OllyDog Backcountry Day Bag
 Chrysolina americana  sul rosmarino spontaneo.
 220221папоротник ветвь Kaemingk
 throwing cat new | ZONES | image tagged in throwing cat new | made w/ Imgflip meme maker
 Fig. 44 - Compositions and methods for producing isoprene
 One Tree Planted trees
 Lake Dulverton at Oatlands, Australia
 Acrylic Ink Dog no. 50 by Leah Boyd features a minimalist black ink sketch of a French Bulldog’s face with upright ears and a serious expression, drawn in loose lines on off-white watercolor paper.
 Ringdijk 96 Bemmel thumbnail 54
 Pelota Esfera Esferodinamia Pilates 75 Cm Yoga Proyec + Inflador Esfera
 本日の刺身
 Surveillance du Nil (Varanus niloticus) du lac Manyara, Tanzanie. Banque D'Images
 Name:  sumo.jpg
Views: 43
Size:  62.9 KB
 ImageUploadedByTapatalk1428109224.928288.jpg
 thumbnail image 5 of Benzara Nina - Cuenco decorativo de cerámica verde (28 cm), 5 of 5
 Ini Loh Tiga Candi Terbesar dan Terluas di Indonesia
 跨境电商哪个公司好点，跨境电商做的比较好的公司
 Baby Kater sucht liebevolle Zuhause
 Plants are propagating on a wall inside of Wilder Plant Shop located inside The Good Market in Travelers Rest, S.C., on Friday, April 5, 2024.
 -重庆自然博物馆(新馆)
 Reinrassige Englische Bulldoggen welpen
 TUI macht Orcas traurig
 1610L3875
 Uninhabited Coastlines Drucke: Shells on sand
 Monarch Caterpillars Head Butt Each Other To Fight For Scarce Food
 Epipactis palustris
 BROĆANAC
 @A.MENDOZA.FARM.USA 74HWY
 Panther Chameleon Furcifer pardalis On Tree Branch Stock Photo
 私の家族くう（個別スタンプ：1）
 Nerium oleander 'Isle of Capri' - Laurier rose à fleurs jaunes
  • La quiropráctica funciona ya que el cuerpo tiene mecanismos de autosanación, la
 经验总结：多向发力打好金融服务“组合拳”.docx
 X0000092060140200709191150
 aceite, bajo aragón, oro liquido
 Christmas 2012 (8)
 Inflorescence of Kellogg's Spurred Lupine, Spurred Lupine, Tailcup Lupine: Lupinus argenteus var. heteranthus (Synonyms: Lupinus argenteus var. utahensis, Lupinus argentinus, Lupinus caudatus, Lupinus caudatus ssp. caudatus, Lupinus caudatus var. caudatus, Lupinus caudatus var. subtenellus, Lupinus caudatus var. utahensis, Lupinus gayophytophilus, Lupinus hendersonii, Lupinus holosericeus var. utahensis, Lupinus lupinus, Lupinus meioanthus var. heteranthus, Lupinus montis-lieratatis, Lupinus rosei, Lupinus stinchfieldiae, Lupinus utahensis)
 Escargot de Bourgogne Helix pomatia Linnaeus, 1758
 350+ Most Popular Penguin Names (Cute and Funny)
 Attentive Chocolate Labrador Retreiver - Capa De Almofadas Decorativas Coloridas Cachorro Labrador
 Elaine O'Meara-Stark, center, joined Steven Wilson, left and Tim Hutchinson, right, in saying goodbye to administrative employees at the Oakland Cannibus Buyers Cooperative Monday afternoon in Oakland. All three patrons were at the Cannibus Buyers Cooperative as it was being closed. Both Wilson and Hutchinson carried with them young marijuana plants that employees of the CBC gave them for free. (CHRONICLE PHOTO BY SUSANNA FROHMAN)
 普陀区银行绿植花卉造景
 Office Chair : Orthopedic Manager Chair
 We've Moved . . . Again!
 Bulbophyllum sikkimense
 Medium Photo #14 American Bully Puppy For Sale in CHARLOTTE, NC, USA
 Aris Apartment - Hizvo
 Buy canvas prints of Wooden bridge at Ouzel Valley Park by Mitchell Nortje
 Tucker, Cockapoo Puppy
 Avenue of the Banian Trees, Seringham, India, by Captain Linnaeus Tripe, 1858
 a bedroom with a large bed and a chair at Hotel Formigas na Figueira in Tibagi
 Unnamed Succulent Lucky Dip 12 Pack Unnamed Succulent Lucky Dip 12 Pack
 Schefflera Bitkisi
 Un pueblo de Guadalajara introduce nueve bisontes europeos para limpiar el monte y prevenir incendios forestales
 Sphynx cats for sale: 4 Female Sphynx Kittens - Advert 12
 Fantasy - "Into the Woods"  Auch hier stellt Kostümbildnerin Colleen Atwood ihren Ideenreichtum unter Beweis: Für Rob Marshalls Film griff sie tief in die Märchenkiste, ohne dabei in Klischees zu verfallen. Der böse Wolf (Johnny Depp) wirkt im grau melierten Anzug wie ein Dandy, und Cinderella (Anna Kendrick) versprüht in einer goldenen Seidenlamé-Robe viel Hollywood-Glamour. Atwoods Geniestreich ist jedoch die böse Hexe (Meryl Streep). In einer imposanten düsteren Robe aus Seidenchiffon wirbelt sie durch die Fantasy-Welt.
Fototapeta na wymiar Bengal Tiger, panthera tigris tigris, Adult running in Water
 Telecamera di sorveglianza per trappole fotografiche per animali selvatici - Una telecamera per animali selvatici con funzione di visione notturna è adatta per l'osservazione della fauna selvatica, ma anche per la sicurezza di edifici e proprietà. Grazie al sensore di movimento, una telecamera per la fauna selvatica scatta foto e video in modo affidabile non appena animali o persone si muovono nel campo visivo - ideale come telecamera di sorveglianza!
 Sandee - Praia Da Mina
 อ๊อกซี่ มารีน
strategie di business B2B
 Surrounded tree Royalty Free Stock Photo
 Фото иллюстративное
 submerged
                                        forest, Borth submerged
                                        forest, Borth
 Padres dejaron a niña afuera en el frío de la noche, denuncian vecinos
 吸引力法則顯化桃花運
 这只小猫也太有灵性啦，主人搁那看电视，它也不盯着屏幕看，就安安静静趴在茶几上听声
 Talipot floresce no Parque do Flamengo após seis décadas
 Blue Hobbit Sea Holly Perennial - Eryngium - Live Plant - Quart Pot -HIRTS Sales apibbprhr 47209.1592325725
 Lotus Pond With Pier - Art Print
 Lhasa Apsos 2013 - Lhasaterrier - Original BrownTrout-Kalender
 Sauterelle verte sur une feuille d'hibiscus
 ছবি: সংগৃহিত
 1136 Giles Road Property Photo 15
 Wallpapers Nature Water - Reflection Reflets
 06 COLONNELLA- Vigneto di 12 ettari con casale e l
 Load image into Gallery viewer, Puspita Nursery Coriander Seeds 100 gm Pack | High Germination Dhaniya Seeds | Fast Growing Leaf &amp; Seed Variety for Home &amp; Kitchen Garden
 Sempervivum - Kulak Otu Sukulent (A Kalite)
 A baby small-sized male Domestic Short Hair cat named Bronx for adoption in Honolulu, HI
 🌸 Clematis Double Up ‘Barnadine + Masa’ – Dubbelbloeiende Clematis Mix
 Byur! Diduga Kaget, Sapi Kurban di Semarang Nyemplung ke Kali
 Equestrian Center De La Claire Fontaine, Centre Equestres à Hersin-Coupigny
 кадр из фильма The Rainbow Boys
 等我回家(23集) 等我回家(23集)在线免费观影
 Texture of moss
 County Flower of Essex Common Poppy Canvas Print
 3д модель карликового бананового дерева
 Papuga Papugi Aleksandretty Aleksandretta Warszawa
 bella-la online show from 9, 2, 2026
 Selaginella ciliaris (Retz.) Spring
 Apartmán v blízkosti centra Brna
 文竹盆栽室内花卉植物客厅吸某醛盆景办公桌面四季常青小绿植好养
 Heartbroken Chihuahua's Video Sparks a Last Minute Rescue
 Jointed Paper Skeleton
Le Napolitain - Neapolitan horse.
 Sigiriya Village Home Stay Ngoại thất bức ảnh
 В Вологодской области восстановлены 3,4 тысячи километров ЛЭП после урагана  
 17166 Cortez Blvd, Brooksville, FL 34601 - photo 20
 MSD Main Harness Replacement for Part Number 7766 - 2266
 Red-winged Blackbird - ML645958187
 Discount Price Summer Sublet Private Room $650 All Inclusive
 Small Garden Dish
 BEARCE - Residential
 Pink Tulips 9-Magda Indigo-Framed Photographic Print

» What this task involves: The output should be exactly the lines above from the line containing "私の家族くう（個別スタンプ：1）" to the line containing "Attentive Chocolate Labrador", inclusive, with no other lines.

» Response to this task:
 私の家族くう（個別スタンプ：1）
 Nerium oleander 'Isle of Capri' - Laurier rose à fleurs jaunes
  • La quiropráctica funciona ya que el cuerpo tiene mecanismos de autosanación, la
 经验总结：多向发力打好金融服务“组合拳”.docx
 X0000092060140200709191150
 aceite, bajo aragón, oro liquido
 Christmas 2012 (8)
 Inflorescence of Kellogg's Spurred Lupine, Spurred Lupine, Tailcup Lupine: Lupinus argenteus var. heteranthus (Synonyms: Lupinus argenteus var. utahensis, Lupinus argentinus, Lupinus caudatus, Lupinus caudatus ssp. caudatus, Lupinus caudatus var. caudatus, Lupinus caudatus var. subtenellus, Lupinus caudatus var. utahensis, Lupinus gayophytophilus, Lupinus hendersonii, Lupinus holosericeus var. utahensis, Lupinus lupinus, Lupinus meioanthus var. heteranthus, Lupinus montis-lieratatis, Lupinus rosei, Lupinus stinchfieldiae, Lupinus utahensis)
 Escargot de Bourgogne Helix pomatia Linnaeus, 1758
 350+ Most Popular Penguin Names (Cute and Funny)
 Attentive Chocolate Labrador Retreiver - Capa De Almofadas Decorativas Coloridas Cachorro Labrador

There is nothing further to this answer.